NETHERLANDS - A dozen employers in the Dutch financial sector are making preparations for a new industry-wide pension fund, which is set to become operational on 1 January 2014.
Named 'Pecunia', the new scheme will not only target financial companies, but also representative organisations, supervisors and affiliated firms, said René Maatman, of law firm De Brauw Blackstone Westbroek, who is supervising the process.
He said that pensions provider Cordares, the Financial Markets Authority and exchange firm Euronext were among the companies that wanted to participate in the new pension fund.
Clearing house LCH Clearnet, after-trade service provider Euroclear and experts integrity register DSI also want to join Pecunia, according to the legal adviser.
He added that the new industry-wide pension fund expected to start with approximately 3,500 participants and €1bn of assets under management
Maatman said he expected this to increase to €5bn within 2-3 years, following interest shown by other financial companies.

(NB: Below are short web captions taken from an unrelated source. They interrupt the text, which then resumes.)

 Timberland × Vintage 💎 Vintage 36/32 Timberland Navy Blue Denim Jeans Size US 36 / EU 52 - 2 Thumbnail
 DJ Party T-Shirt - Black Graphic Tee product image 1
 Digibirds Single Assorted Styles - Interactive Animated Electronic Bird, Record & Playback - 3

Currently, Euronext, AFM, Euroclear, LCH Clearnet and DSI are affiliated with the pension fund Mercurius, which has a coverage ratio of approximately 85%.
Maatman said cost-cutting and the benefits of scale were the main drivers behind the new pension fund.

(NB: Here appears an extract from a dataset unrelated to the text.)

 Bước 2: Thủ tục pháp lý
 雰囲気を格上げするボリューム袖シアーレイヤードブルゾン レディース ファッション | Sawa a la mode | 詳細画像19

Separating the scheme from the employers and making the pension plan IFRS-proof were additional reasons, he added.
According to the pensions lawyer, Pecunia aims at average salary arrangements based on a "very complete pensions contract".
"The initial funding must be at least 105%, and a detailed policy will be developed for new entrants and value transfer," he said.
Maatman indicated that, in order to ease entry, Pecunia would adopt a basic pension plan, with a yearly accrual of 1.75%, as well as a high franchise - the amount that is exempt from pension accrual - of €15,000.
He added that Pecunia's creators were considering starting as a multi-company scheme with ringfenced assets, to be outsourced to APG initially.